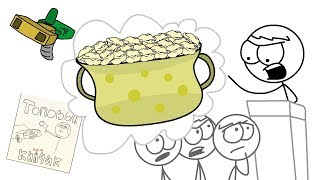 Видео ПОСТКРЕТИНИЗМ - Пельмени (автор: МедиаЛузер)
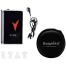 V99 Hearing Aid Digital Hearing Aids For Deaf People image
-*-*-
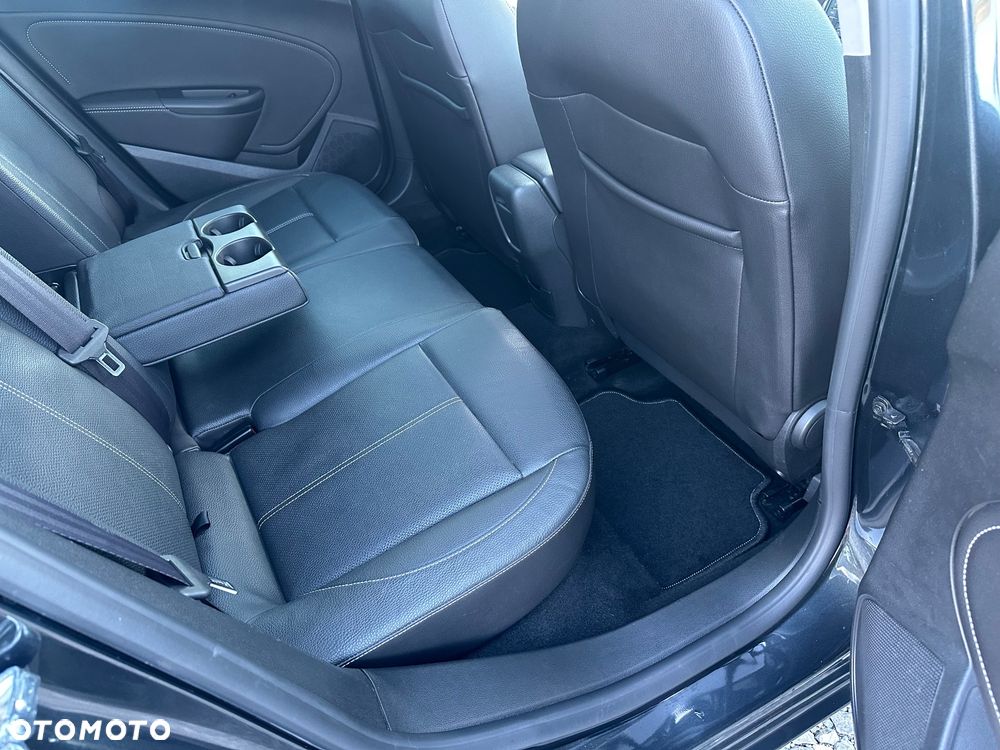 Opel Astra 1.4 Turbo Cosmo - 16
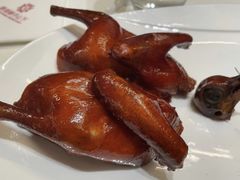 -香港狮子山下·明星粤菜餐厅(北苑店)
-*-*-
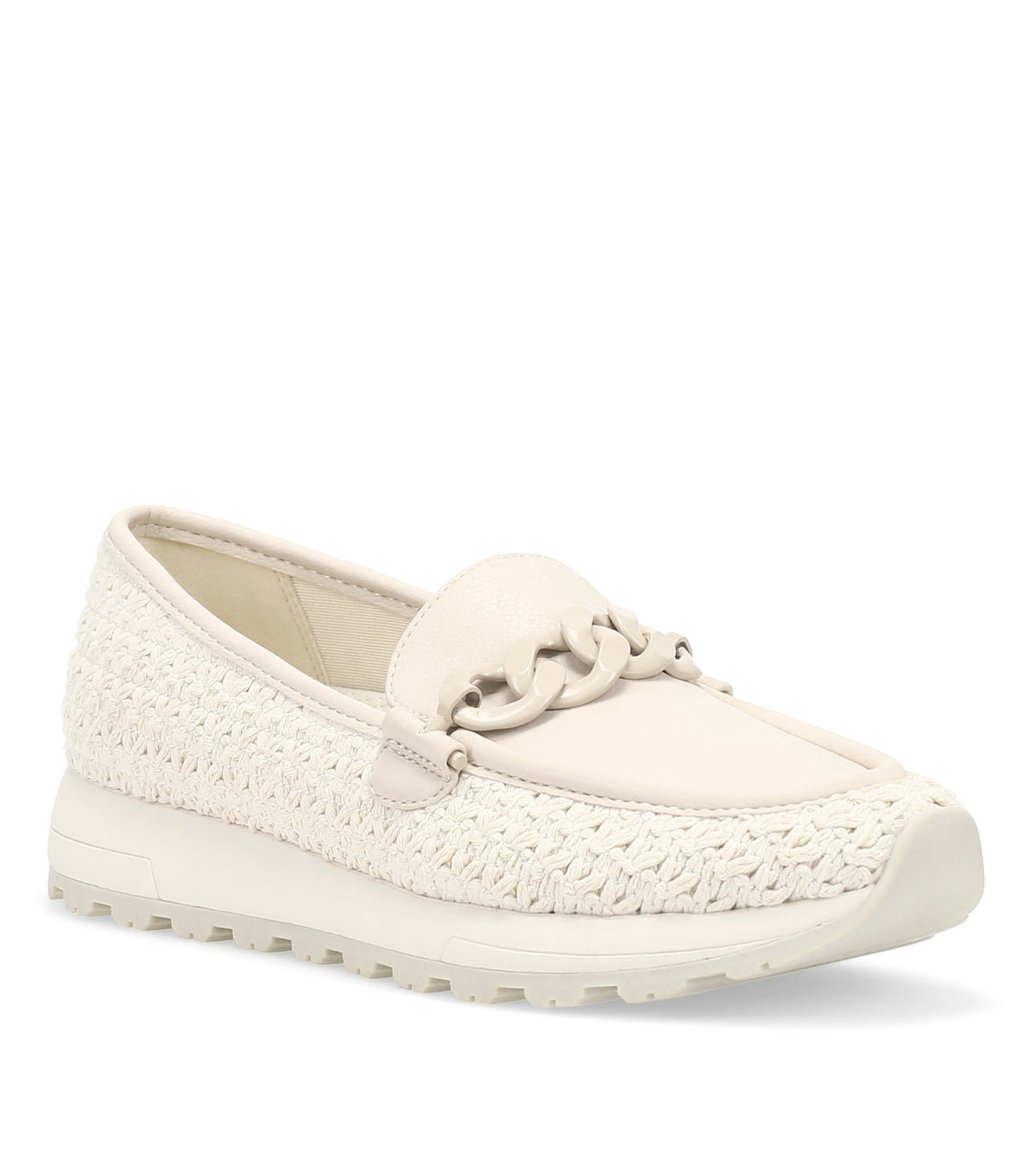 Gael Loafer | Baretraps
-*-*-
** What you are asked to do **
Working from the entries above, reproduce exactly and only the lines beginning with the line that has "Видео ПОСТКРЕТИНИЗМ - Пельмени" and ending with the line that has "V99 Hearing Aid"; omit all pictures.

** Solved exercise **
 Видео ПОСТКРЕТИНИЗМ - Пельмени (автор: МедиаЛузер)
 V99 Hearing Aid Digital Hearing Aids For Deaf People image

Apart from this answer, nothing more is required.